[Activity] The output must be exactly the lines from the "Caractéristiques mexicaines Tacos" line through the end of the listing below, with no picture included.

[Provided data]
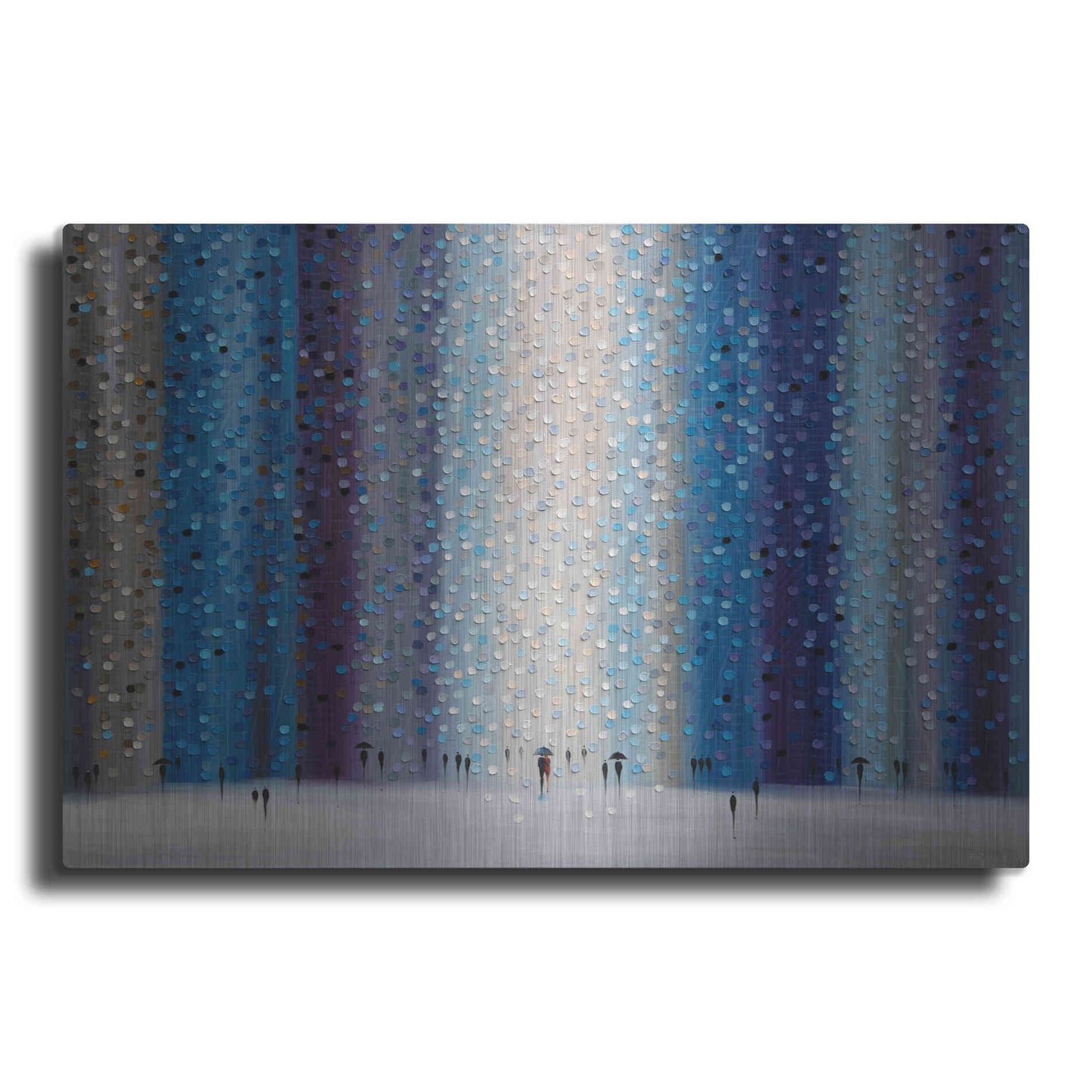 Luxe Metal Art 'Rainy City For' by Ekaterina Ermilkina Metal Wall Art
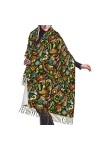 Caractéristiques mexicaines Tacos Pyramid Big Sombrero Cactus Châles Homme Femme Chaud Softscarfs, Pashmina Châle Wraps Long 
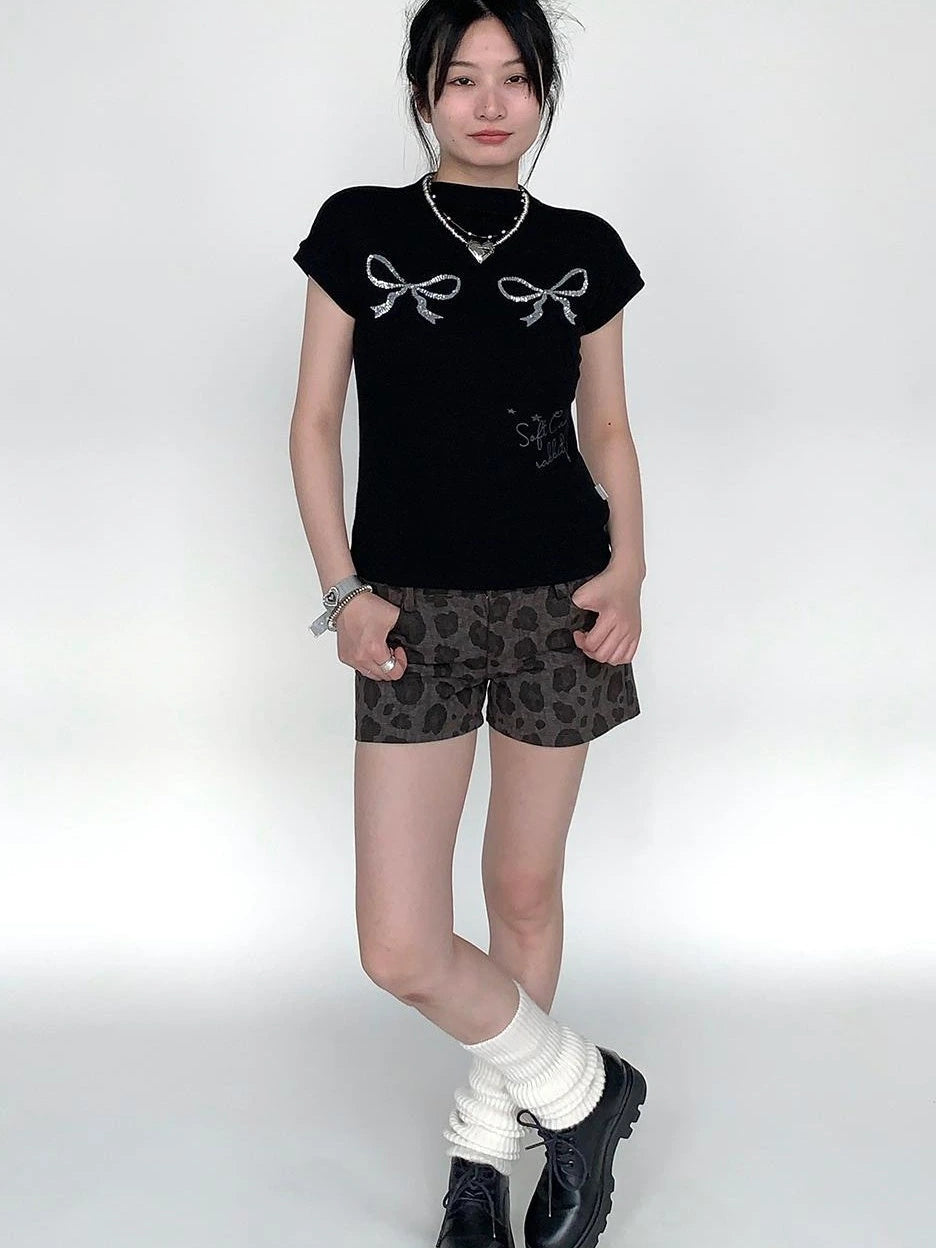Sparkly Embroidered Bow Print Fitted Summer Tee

[Solution to the problem]
 Caractéristiques mexicaines Tacos Pyramid Big Sombrero Cactus Châles Homme Femme Chaud Softscarfs, Pashmina Châle Wraps Long 
Sparkly Embroidered Bow Print Fitted Summer Tee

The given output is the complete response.